As the election season turns from silly to ludicrous, it may be helpful to take a breath and remember how it all began. Or at least how the last American presidential election has led us here. The newest installment of Frontline opens on the 2004 conventions offered precursors of what was to come: Barack Obama spoke in Boston, imagining a United States no longer split into red and blue: “In no other country on earth is my story even possible.” In New York, John McCain urged listeners to “Stand up, stand up!” and fight for their country. A moment so long ago, and yet so utterly like the one we now face.
As The Choice points out, differences between candidates are useful selling points. On election day, the thinking goes, decisions are based on what voters want and don’t want, as if these are always easily opposed. This premise structures the program, which cuts back and forth neatly between comparable incidents in the candidates’ lives, their steps through childhood, school, and families, their grueling primaries and the starts of their presidential campaigns. The comparisons necessarily leave out details and nuances, and doesn’t quite get at how the candidates are shaped by their campaigns — their messages, politics, and images functions of machinery, some inevitable and some malevolent. Still, the effect is vintage Frontline: smartly sober, seemingly balanced, and politely provocative.

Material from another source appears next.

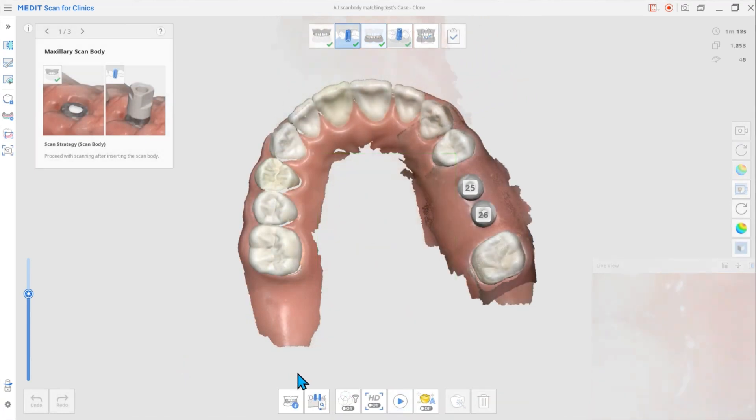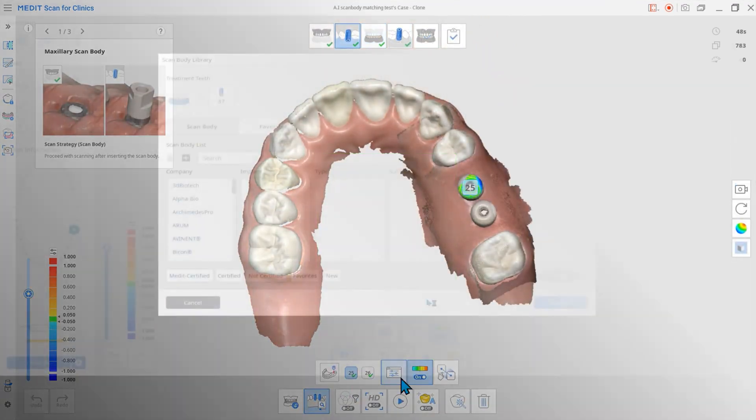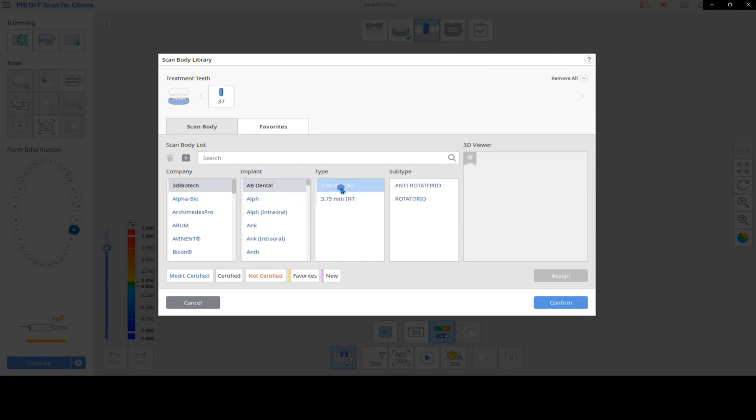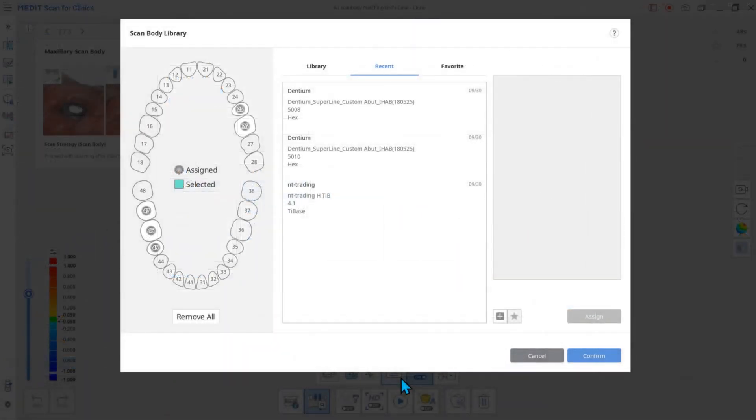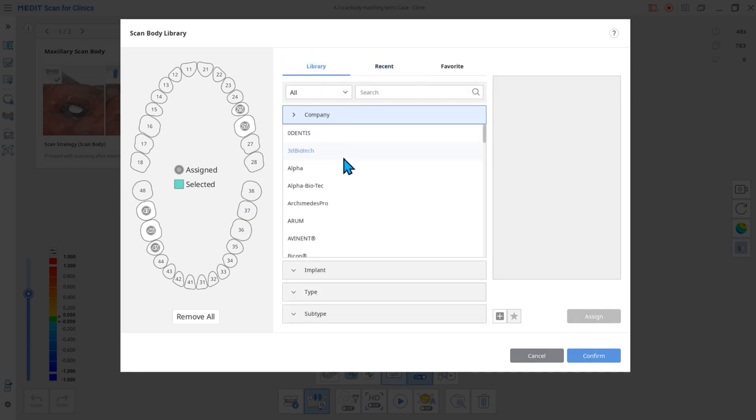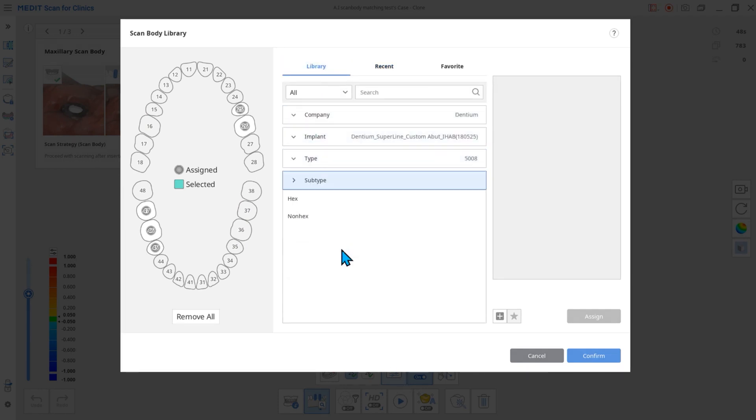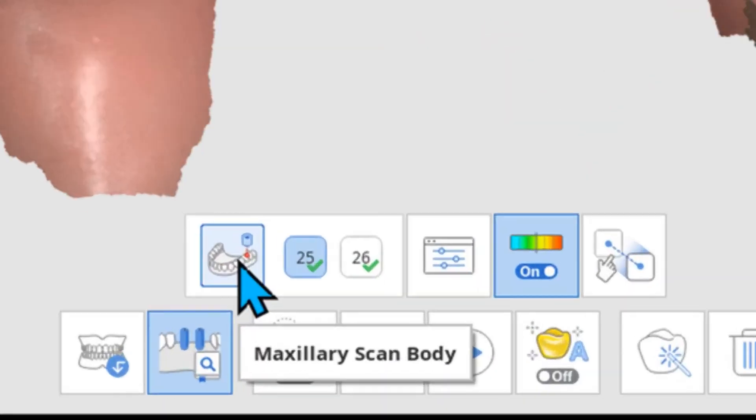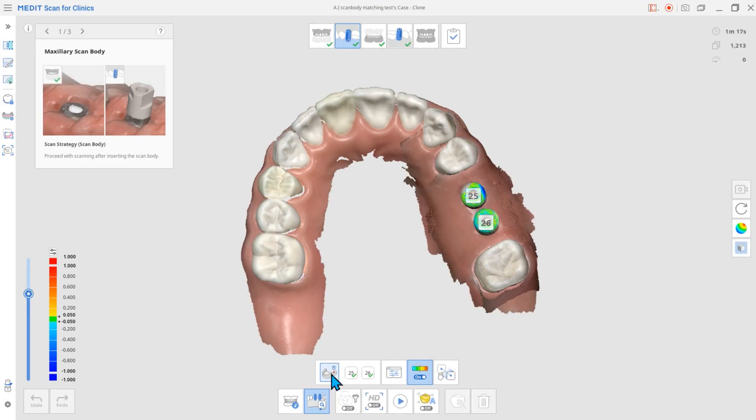Next is the improved AI matching function. We enhanced the AI abutment matching and AI scan body matching features. We improved the dialog window that assigns libraries to tooth numbers to be more intuitive and user-friendly and changed the library to align with the scan body base scan.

At the Democratic convention four years ago, Obama emerged as an ascendant, even transcendent, star (“They need someone who is charismatic and optimistic and could electrify a crowd,” says Liz Mundy), able to “embody his message in a unique way,” says Rob Brownstein, author of The Second Civil War, “I think that is the core of his political strength.” Again and again, observers note Obama’s capacity to move people with his cross-cultural, wholly American “story.” McCain’s experience, the program posits, is American in another, more traditional way, a kid who resisted his family’s military legacy, who survived five years as a POW and came back home to find his own sort of celebrity — a designated spokesperson for the Navy embraced by hard-partying young senators like Gary Hart and William Cohen.
McCain distinguishes himself as “Mr. Outside,” a Republican Senator willing to disagree with other members of his party, most visibly with first-term President George W. Bush, whose dirty campaign against him in North Carolina leaves lasting scars and antipathy (Weaver says, “We were in icy relations with the White House… Siberia doesn’t have that much ice”). Narrator Will Lyman intones that, back in the Senate, “a deeply angry John McCain decided to focus on his own agenda, building his reputation as a maverick” (going so far as to consider changing parties following the 2000 election, according to Daschle and denied by Weaver). During this period, Harvard law graduate (and first black editor of the Law Review) Obama negotiates intraparty politics to achieve particular goals, winning tough contests in Chicago and then for state senator. His arrival in DC as the Junior Senator from Illinois is carefully staged. His mentors, including Tom Daschle, initiate a “two-year plan” to “make him look like a serious senator,” observes the New York Times‘ Jeff Zeleny. Pete Rouse, Daschle’s Senate Chief of Staff, shifts to Obama’s team when Daschle left the Senate, describing his new project in this way: “He is very aware of the importance of being a team player and not raising people’s hackles,” while also “build[ing] IOUs” for the future.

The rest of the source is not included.